Stored data: Begin

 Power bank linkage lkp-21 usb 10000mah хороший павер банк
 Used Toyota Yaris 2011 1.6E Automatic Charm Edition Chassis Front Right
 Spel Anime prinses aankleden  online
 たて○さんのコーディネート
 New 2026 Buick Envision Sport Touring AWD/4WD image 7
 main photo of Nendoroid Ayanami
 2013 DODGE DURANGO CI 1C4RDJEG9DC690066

Stored data: End
Stored data: Begin

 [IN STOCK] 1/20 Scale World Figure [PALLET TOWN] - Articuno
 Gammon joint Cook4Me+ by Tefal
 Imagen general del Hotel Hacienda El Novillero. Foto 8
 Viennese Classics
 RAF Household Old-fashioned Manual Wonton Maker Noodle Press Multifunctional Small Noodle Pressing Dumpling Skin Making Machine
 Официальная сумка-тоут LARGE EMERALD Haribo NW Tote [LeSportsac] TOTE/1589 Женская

Stored data: End

Work to complete: Could you reproduce, exactly, every line above from the line with "[IN STOCK] 1/20" to the line with "RAF Household Old-fashioned", and no other line? Both ends count.

Result for this exercise:
 [IN STOCK] 1/20 Scale World Figure [PALLET TOWN] - Articuno
 Gammon joint Cook4Me+ by Tefal
 Imagen general del Hotel Hacienda El Novillero. Foto 8
 Viennese Classics
 RAF Household Old-fashioned Manual Wonton Maker Noodle Press Multifunctional Small Noodle Pressing Dumpling Skin Making Machine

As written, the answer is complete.